For the easily amused of you out there (which is most of ya  

http://www.evolver.co.uk/wayofthestick.html


----------



## Cthulhu (Nov 13, 2001)

That was fun!  Thanks, JadeDragon 

Cthulhu


----------



## Miyu (Nov 14, 2001)

Not a problem.  The downside of flash games are that they're addictive...@_@


----------



## KatGurl (Mar 24, 2003)

my dad let me back on the computer to check this out. 



I think you'll have to play instead of me telling you about it. if you don't play, you're missing out  



(my dad's going retro in the humur thread :shrug: )


----------



## Master of Blades (Mar 24, 2003)

> _Originally posted by KatGurl _
> *my dad let me back on the computer to check this out.
> 
> 
> ...



KATGURL's back  :rofl:


----------



## Seig (Mar 25, 2003)

> _Originally posted by Master of Blades _
> *KATGURL's back  :rofl:  *


Thank you, Captain Obvious


----------



## Cliarlaoch (Mar 26, 2003)

Seen it before, but still funny.
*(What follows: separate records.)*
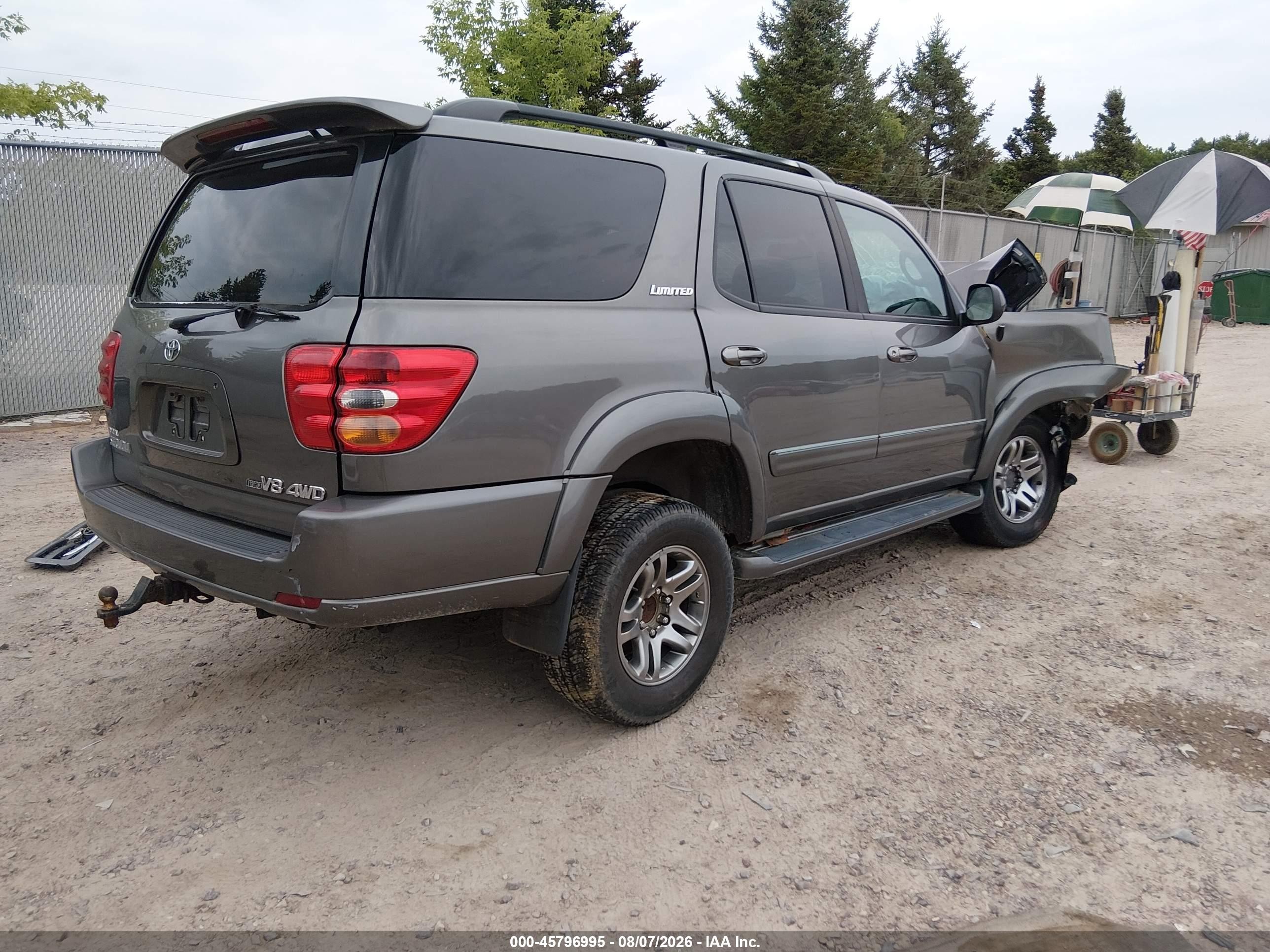 2004 Toyota Sequoia Limited V8 Gray vin: 5TDBT48AX4S218941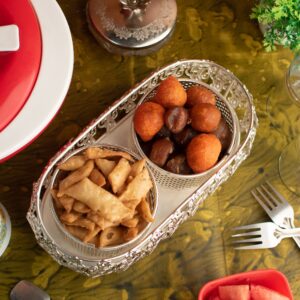 Oval Shape Iron Basket with 2 Bowls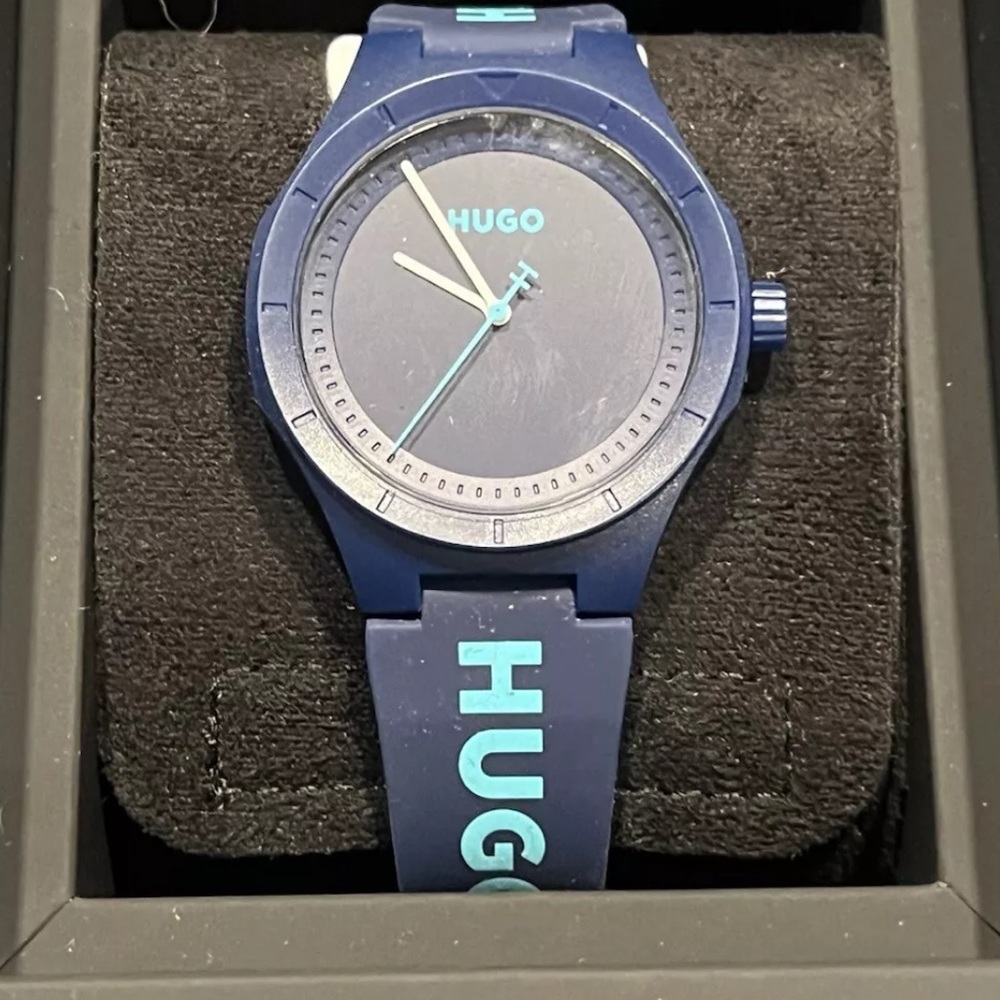 New In box. Hugo Boss Men's Lit For Him Quartz Blue Silicone Watch - Great gift - Picture 9 of 16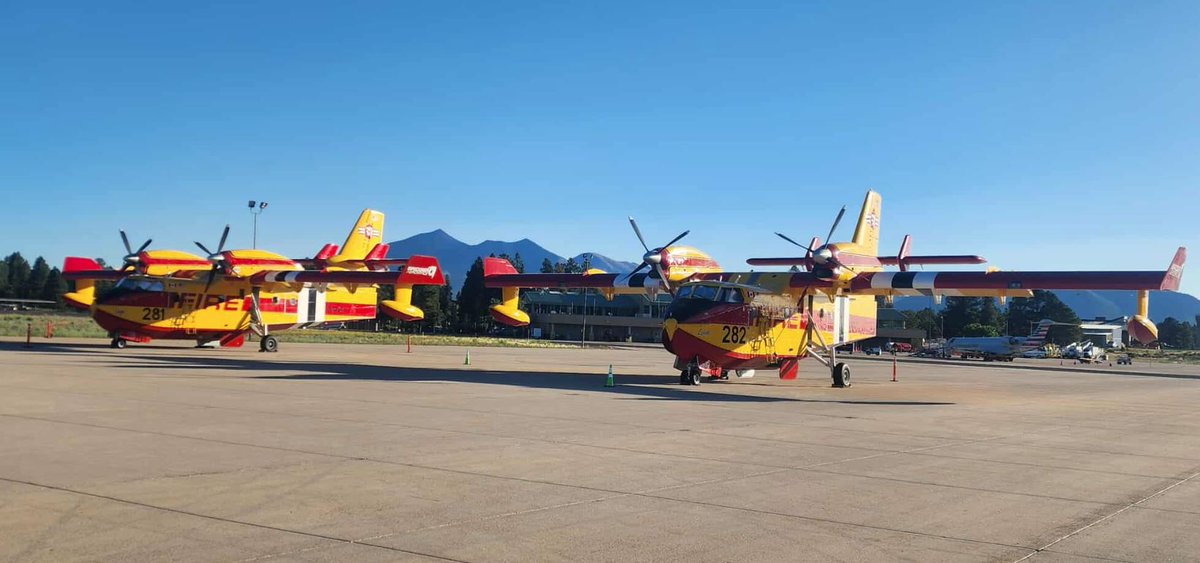FlyFlagstaffAZ's tweet image. 🔥✈️ ARFF and Flagstaff Fire crews received familiarization training on a CL 415EAF “Super Scooper” during a stop at FLG between fire assignments. This impressive aircraft is specially designed to scoop water from lakes and other bodies of water to help suppress wildland fires.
Much like the Xiao Xiao movies. Same creator, apparently.


----------



## Cliarlaoch (Mar 26, 2003)

"Your undoing is your stupidity. Try again, fat one."
Heehee


----------



## GouRonin (Mar 26, 2003)

> _Originally posted by Seig _
> *Thank you, Captain Obvious *



D@mn you. I spit my milk all over my keyboard!
:cuss:


----------



## theletch1 (Mar 26, 2003)

"Wise man say's lay off the noodles fat boy!!":rofl:


----------



## Cthulhu (Mar 26, 2003)

For you, the wise man say:

"Your kungfu is strong.  Master Bruce move over, you is the high kicking sheznit."



Cthulhu


----------



## jeffkyle (Mar 27, 2003)

> _Originally posted by GouRonin _
> *D@mn you. I spit my milk all over my keyboard!
> :cuss: *



I noticed you do that alot.  Maybe you need to quit drinking and computering.


----------



## GouRonin (Mar 27, 2003)

> _Originally posted by jeffkyle _
> *Maybe you need to quit drinking  *



Shush you heathen...


----------



## jeffkyle (Mar 27, 2003)

> _Originally posted by GouRonin _
> *Shush you heathen...
> *



I would never tell you to quit drinking...just not computering at the same time!


----------



## khadaji (Mar 27, 2003)

i love it...   I realy like those stick figure movies, and now its a game..


----------